AI platforms could automate this entirely, since smart thermostats already log runtime data and utility-grade smart meters record consumption at 15-minute intervals. Connect the two data streams to a weather API and a simple regression model, and you have a load profile for every conditioned hour of every day for a year, with no site visit, no input errors, and no safety factor motivated by liability fear rather than physics.

The Strongest Case Against

AI sizing tools depend on data that is not uniformly available. Utility data access varies wildly by state and utility. Green Button data standards exist but adoption is spotty. Satellite imagery captures roofs, not walls. A house with a recent deep energy retrofit, new windows, or spray-foamed attic will look identical to its pre-retrofit self from a satellite. Without manual updates, the model will undersize the system because the inputs reflect the old building, not the new one. This is exactly the kind of manual input that the platforms are designed to eliminate.

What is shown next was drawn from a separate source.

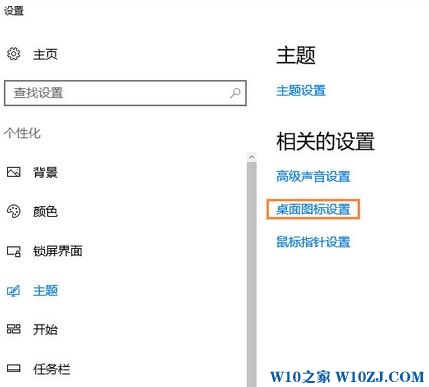 Win10桌面上的回收站不见了怎么办？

Manual J itself is imperfect, as LBNL’s FLEXLAB testing showed 10% RMSE in peak load predictions from the most sophisticated simulation engines. Field-performed Manual J calculations are worse because they depend on operator estimates of infiltration rates and insulation conditions that are frequently wrong. A Manual J that overestimates infiltration by 50% will suggest a system one full ton larger than necessary on a typical house. Any calculation is only as good as its inputs, and the inputs for an existing home are often guesses dressed up as measurements.

There is also a structural incentive problem: contractors make more money installing larger systems. A five-ton heat pump has higher equipment cost, higher installation labor, and a larger markup than a two-ton. Until the payment model shifts, or until building departments actually enforce the Manual J requirement that has been in the International Residential Code since 2009, contractors will continue to oversize because oversizing pays better and nobody complains when their house is too cold. They complain when it is not cold enough. Undersizing is a callback, but oversizing is a quiet theft of efficiency that the homeowner never detects.

What I Did Not Prove

No longitudinal study has tracked AI-sized heat pump installations against rule-of-thumb installations in the same housing stock and measured the difference in energy consumption, equipment lifespan, and occupant comfort over a full equipment lifecycle. That 2.4x oversizing figure comes from comparing Energy Vanguard’s Manual J averages against the midpoint of the contractor rule-of-thumb range, not from a controlled experiment. Cost savings in the table above use representative industry figures, not data from a specific project. Arch’s $4 million in processed sales is self-reported. LBNL’s FLEXLAB results apply to commercial buildings with overhead mixing ventilation and have not been validated against residential construction specifically. RMI’s 93% emissions reduction assumes a grid mix that varies by state and will change as more renewables come online.

Oversizing is real, and its scale is supported by the data available. Whether AI platforms can solve it at scale depends on data access, contractor adoption, and code enforcement mechanisms that do not yet exist in most jurisdictions.